Recruitment and effectiveness by cohort in a case management intervention among American Indians and Alaska Natives with diabetes.

  • Author(s): Pratte, KA
  • Beals, J
  • Johnson, A
  • Bullock, A
  • Manson, SM
  • Jiang, L
  • Special Diabetes Program for Indians Healthy Heart Project Demonstration Project
  • et al.

In real-world settings, eligible populations and intervention effectiveness for a translational intervention likely vary across time. To determine the optimal strategies for effective large-scale implementation of evidence-based interventions, it is critical to investigate these potential variabilities. The purpose of this study is to evaluate whether patient characteristics and intervention effectiveness differed by year of enrollment in a multiyear evidence-based translational intervention. The Special Diabetes Program for Indians Healthy Heart (SDPI-HH) Demonstration Project is an intensive case management intervention designed to reduce cardiovascular disease risk among American Indians and Alaska Natives with diabetes.

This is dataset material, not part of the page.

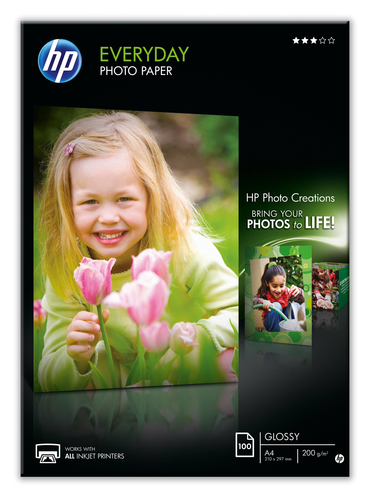 Hp - Confezione da 100 Fogli Carta originale fotografica lucida Hp Everyday - A4 - 210 x 297 mm - Q2510A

SDPI-HH participants recruited from 2006 through 2008 were included. Baseline characteristics were compared by year of enrollment. We also evaluated the differences in improvements in clinical and behavioral risk factors for cardiovascular disease among participants recruited in different years. The baseline characteristics of the three cohorts significantly differed in demographics, diabetes duration, health behaviors, level of motivation, and clinical measures. Improvements in 13 clinical and behavioral outcomes also differed by enrollment year with the 2006 cohort having the greatest number of significant improvements and the highest rates of participation and retention. Further investigation into the ways to modify the intensive case management model to address differences in levels of motivation and participation is warranted to improve the management of chronic disease in Indian health. Given the evolving nature of translational initiatives of this kind, our analysis results highlight the need to understand and adapt during the natural progression of health behavioral interventions.